──────── Material provided ────────
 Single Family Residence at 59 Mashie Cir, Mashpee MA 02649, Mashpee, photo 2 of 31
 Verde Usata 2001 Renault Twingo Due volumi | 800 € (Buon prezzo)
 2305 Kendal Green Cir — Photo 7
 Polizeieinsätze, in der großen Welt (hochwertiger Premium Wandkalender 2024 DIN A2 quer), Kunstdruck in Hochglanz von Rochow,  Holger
────────
──────── Material provided ────────
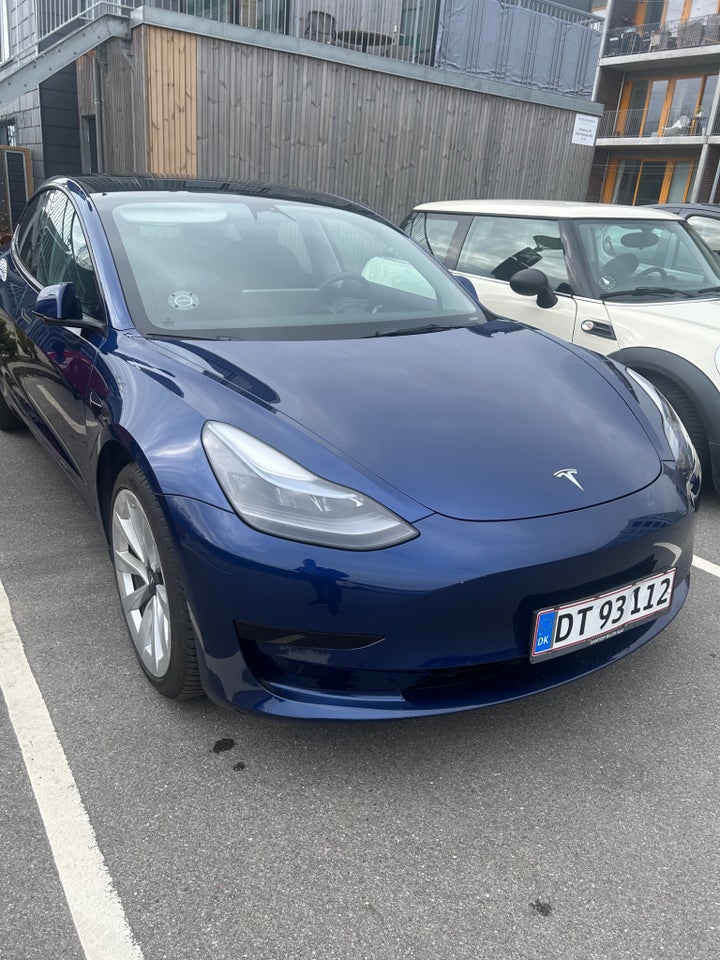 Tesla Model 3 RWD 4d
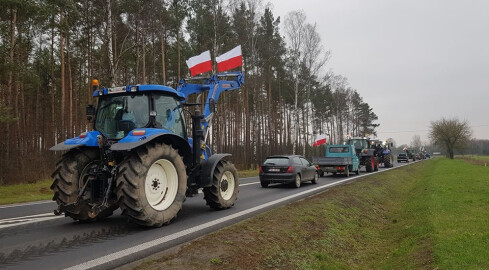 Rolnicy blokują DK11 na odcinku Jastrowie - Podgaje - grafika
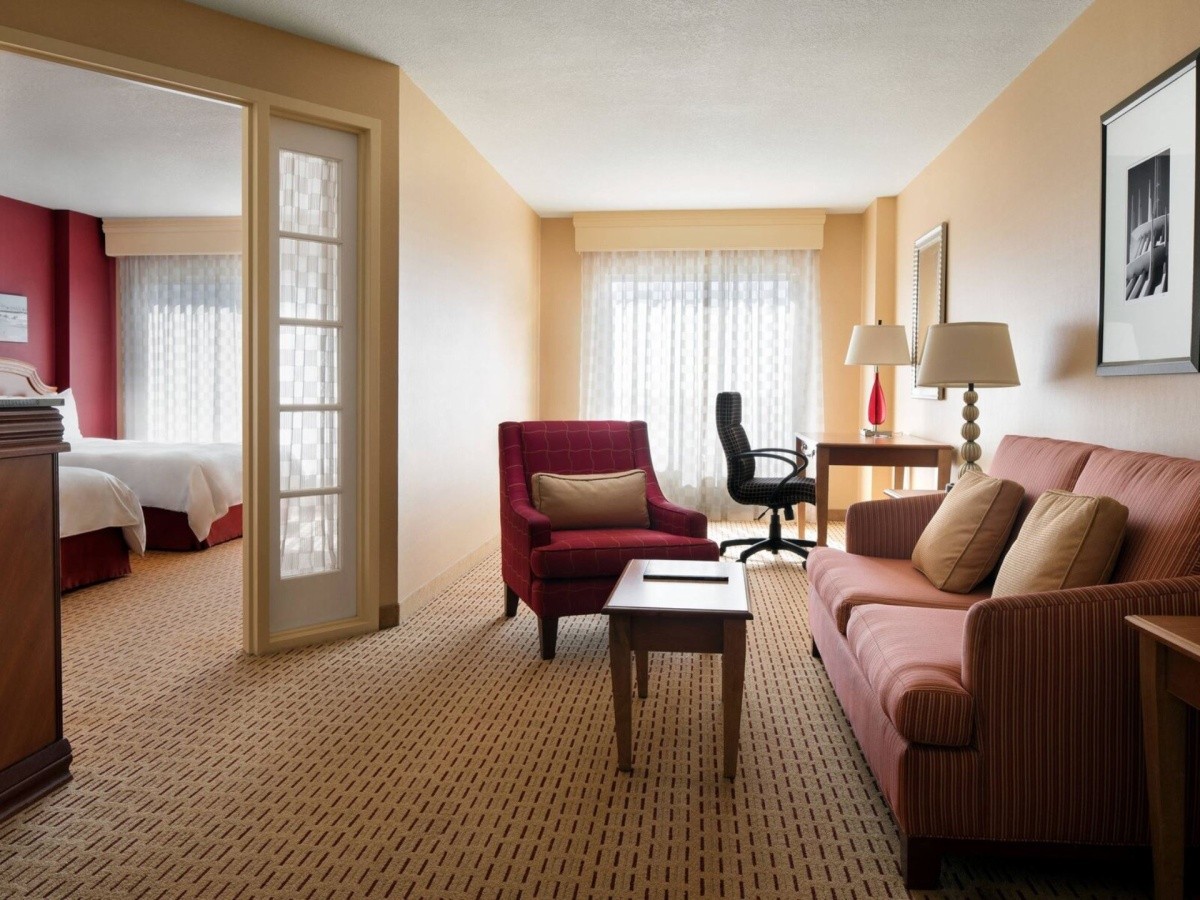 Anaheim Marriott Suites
────────
▶ _Aim of the task_: Skipping every picture, transcribe exactly the lines above from the one containing "Rolnicy blokują DK11" through the one containing "Anaheim Marriott Suites", both included.

▶ _Solved problem_:
 Rolnicy blokują DK11 na odcinku Jastrowie - Podgaje - grafika
 Anaheim Marriott Suites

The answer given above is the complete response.